▶ **Task brief**
A word-for-word retyping of the listing below is required, with the pictures dropped.

▶ **Data extract**
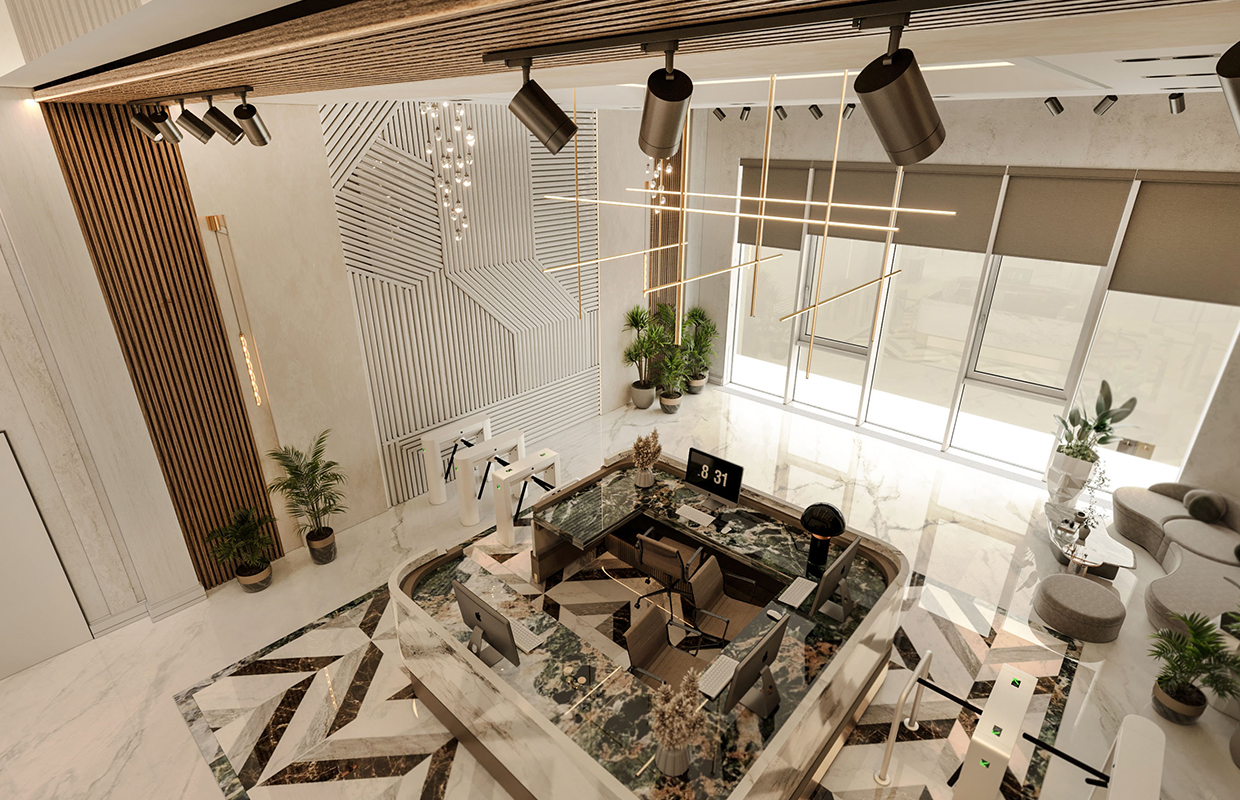  OFİS DİZAYNI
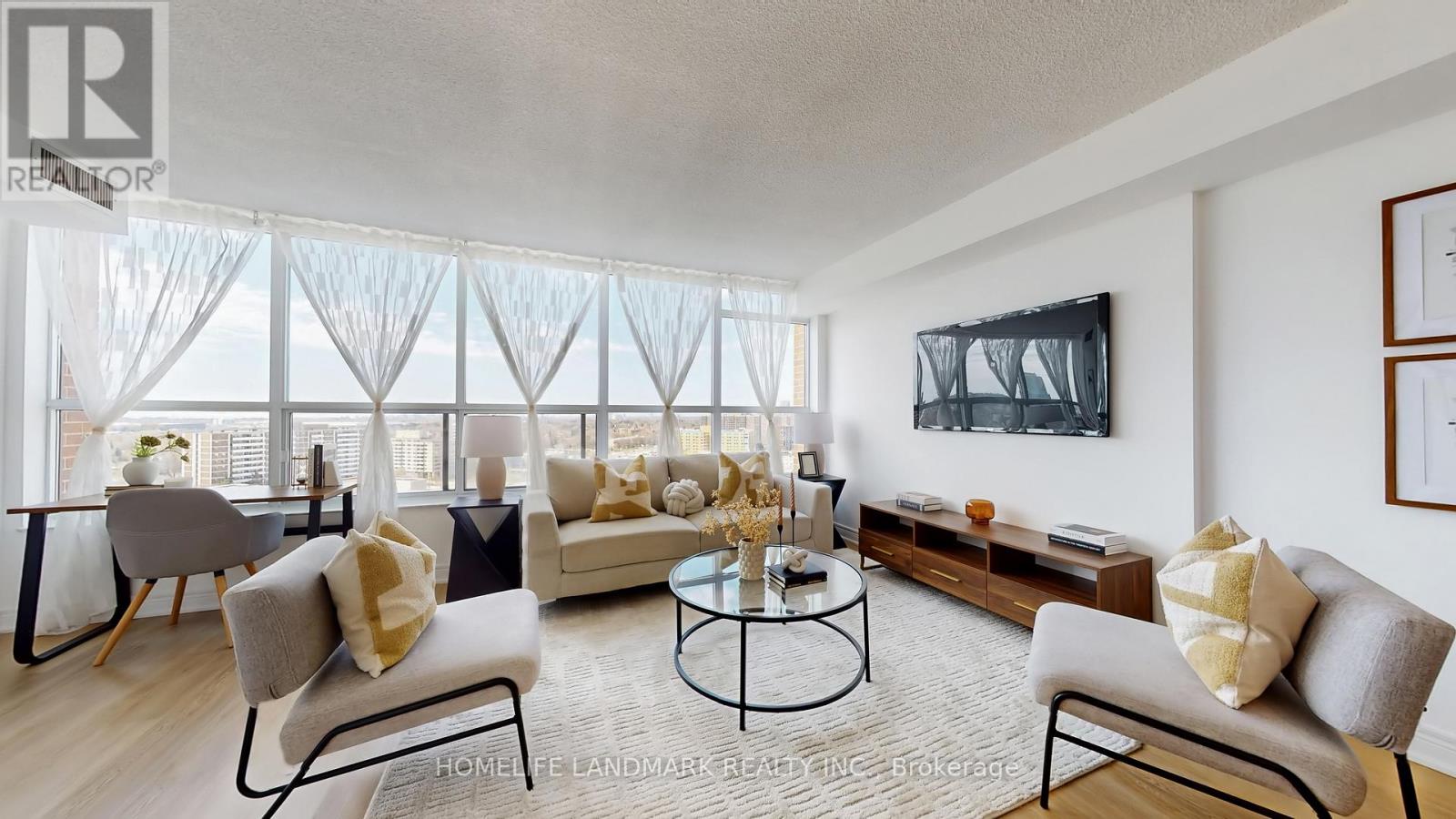 1907 - 2365 Kennedy Road, Toronto, Ontario  M1T 3S6 - Photo 9 - E13041334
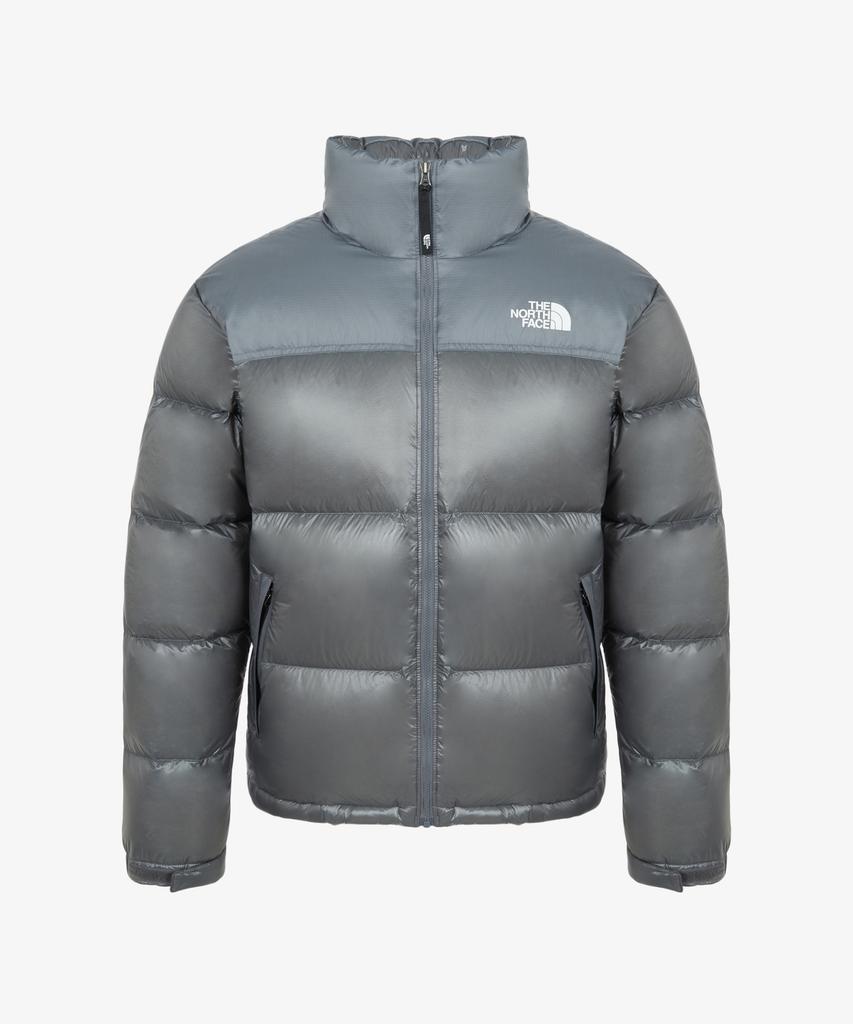 The North Face Nj1Dr64B Men'S Nuptse Air Jacket (Rds) Gray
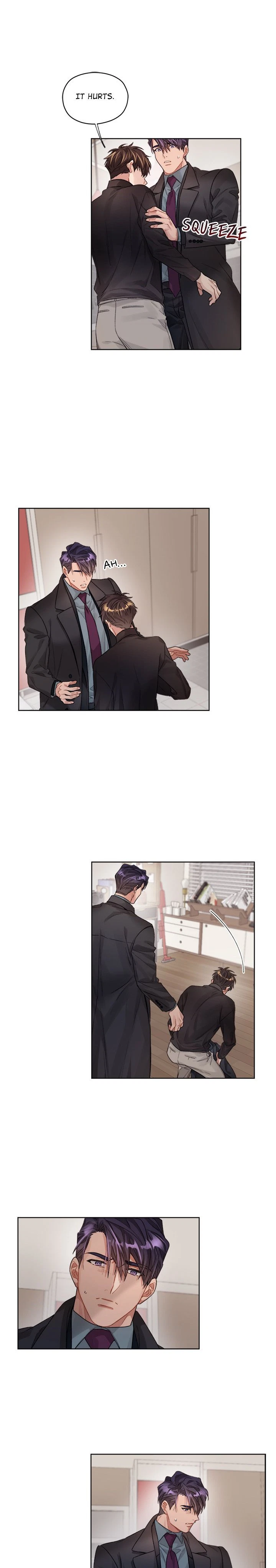 Bad Plan Chapter 46, page 6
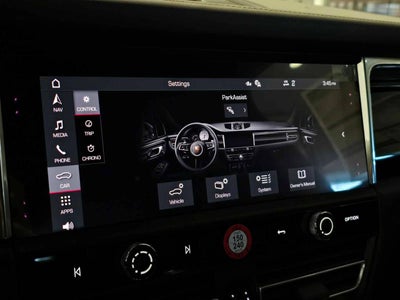 2026 Porsche Macan T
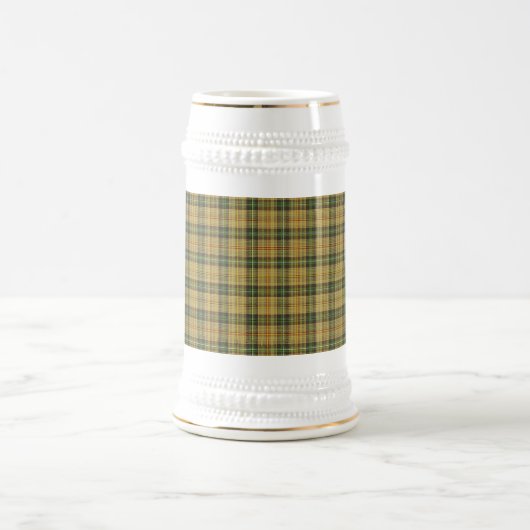 Saskatchewan tartan bierpul (Center)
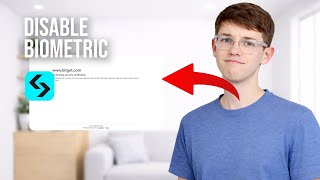 How To Disable Biometric Login On Bitget 2026 (EASY GUIDE)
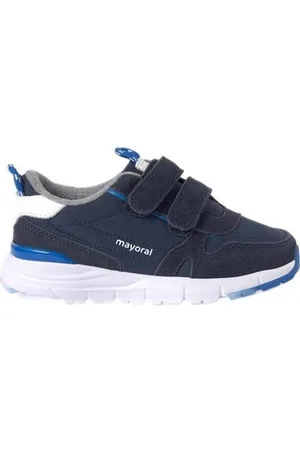 Mayoral Deportivas Moda 45571 Deportiva Running Marino para niño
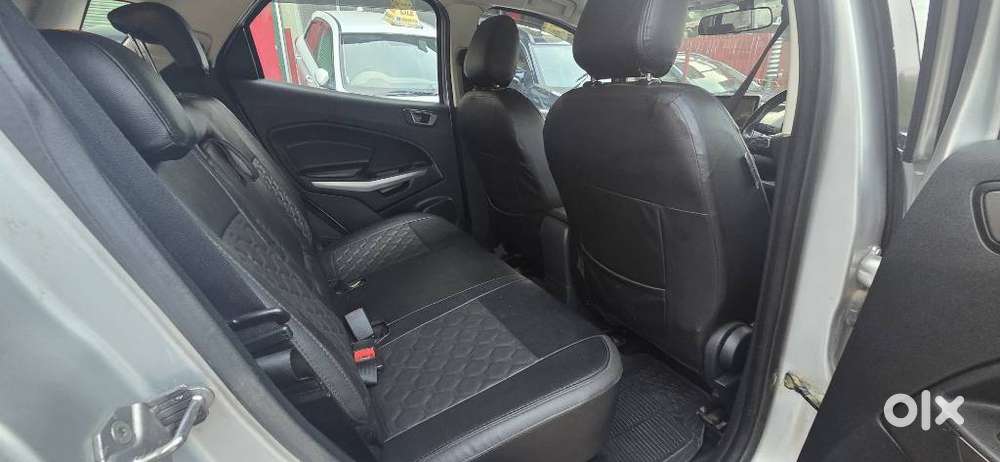 Ford Ecosport 1.5 Ti Vct Mt Titanium Be, 2019, Petrol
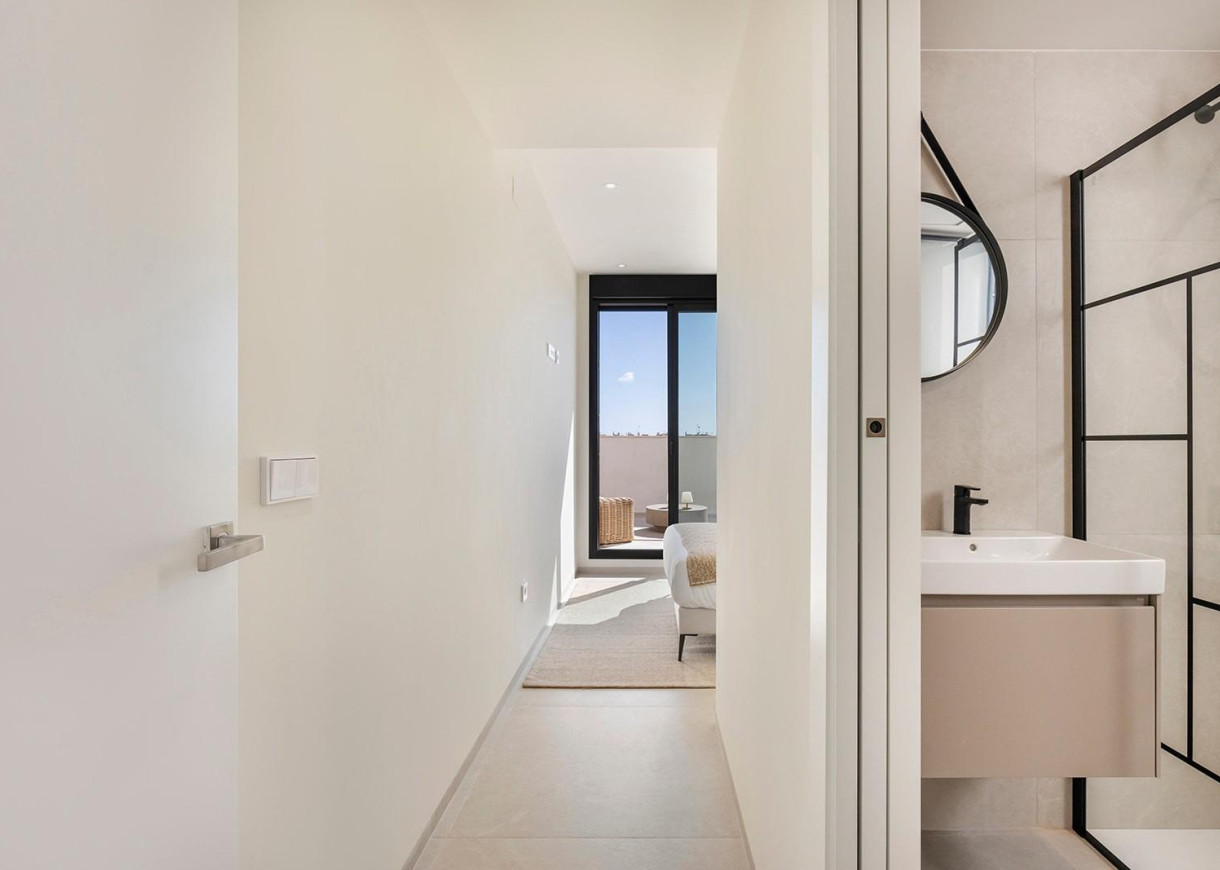 New Build - Villa - Los Alcázares - Serena Golf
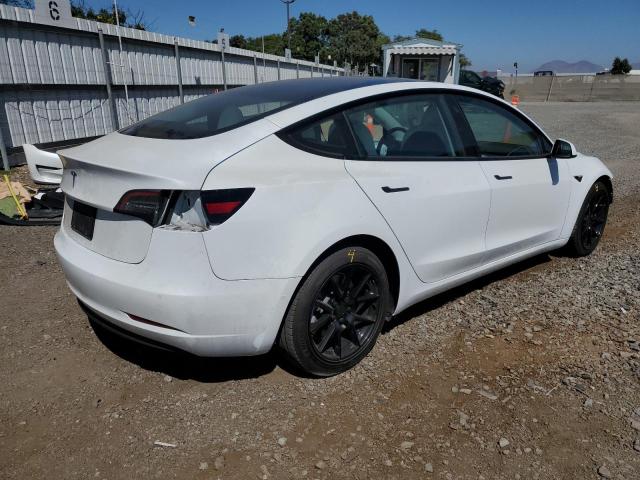 Снимка 3 от търг – 2021 TESLA MODEL 3 с VIN 5YJ3E1EA3MF877904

▶ **Response below**
  OFİS DİZAYNI
 1907 - 2365 Kennedy Road, Toronto, Ontario  M1T 3S6 - Photo 9 - E13041334
 The North Face Nj1Dr64B Men'S Nuptse Air Jacket (Rds) Gray
 Bad Plan Chapter 46, page 6
 2026 Porsche Macan T
 Saskatchewan tartan bierpul (Center)
 How To Disable Biometric Login On Bitget 2026 (EASY GUIDE)
 Mayoral Deportivas Moda 45571 Deportiva Running Marino para niño
 Ford Ecosport 1.5 Ti Vct Mt Titanium Be, 2019, Petrol
 New Build - Villa - Los Alcázares - Serena Golf
 Снимка 3 от търг – 2021 TESLA MODEL 3 с VIN 5YJ3E1EA3MF877904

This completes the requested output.